++++ Input data ++++

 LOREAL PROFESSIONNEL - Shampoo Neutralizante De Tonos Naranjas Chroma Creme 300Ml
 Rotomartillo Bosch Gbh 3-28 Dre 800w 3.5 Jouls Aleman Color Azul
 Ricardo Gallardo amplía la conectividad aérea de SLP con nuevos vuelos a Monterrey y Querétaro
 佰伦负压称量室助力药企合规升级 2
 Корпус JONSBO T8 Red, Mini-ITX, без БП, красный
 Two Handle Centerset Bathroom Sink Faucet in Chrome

++++
++++ Input data ++++

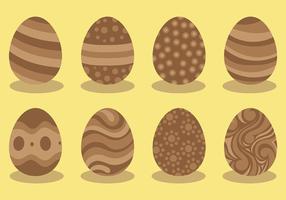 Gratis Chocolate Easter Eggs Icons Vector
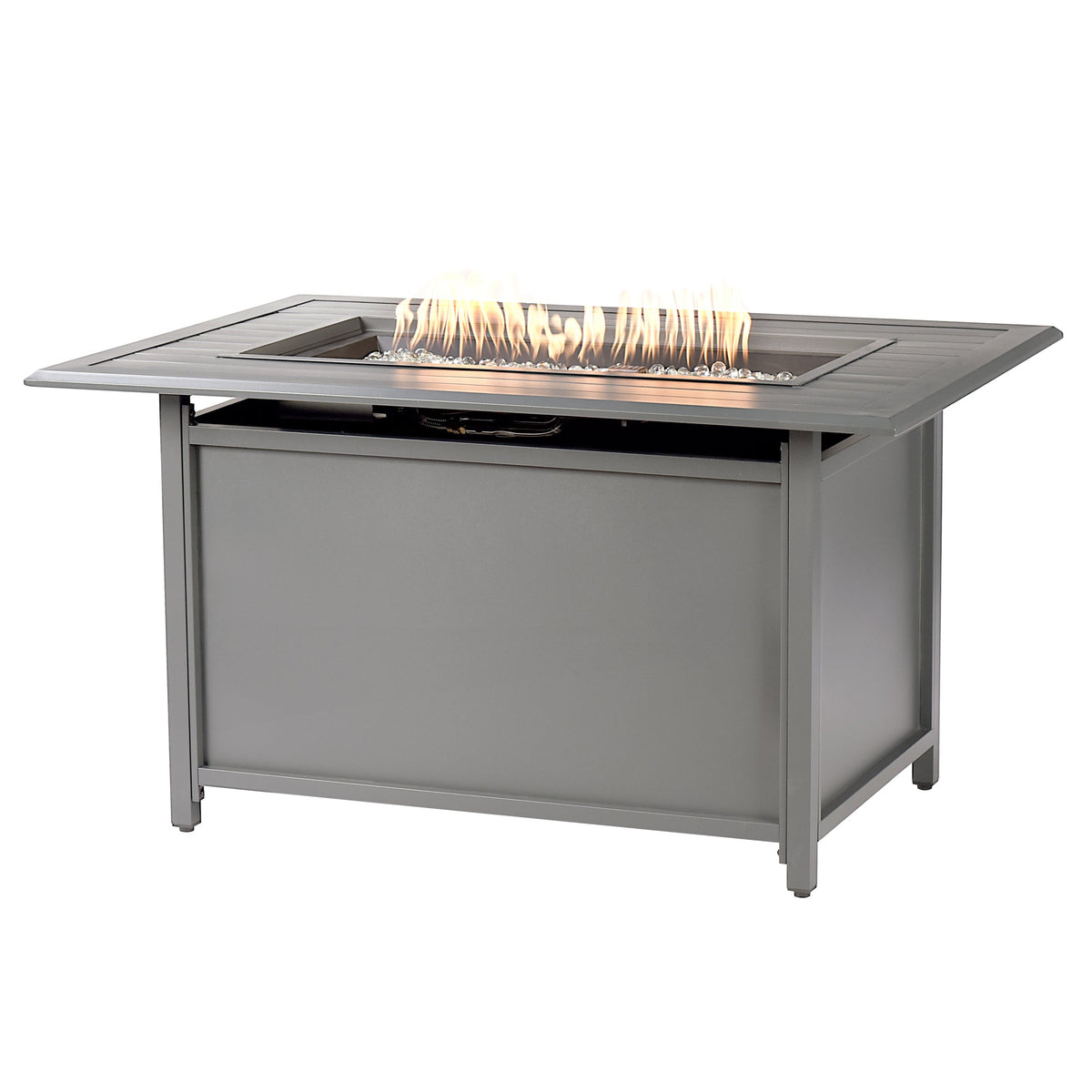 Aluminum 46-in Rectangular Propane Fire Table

++++
++++ Input data ++++

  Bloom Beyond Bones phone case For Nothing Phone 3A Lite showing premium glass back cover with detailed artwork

++++

§ Task description: The lines above, starting at the one with "Rotomartillo Bosch Gbh" and ending at the one with "Two Handle Centerset", are the only ones to return, exactly as written.

§ Response below:
 Rotomartillo Bosch Gbh 3-28 Dre 800w 3.5 Jouls Aleman Color Azul
 Ricardo Gallardo amplía la conectividad aérea de SLP con nuevos vuelos a Monterrey y Querétaro
 佰伦负压称量室助力药企合规升级 2
 Корпус JONSBO T8 Red, Mini-ITX, без БП, красный
 Two Handle Centerset Bathroom Sink Faucet in Chrome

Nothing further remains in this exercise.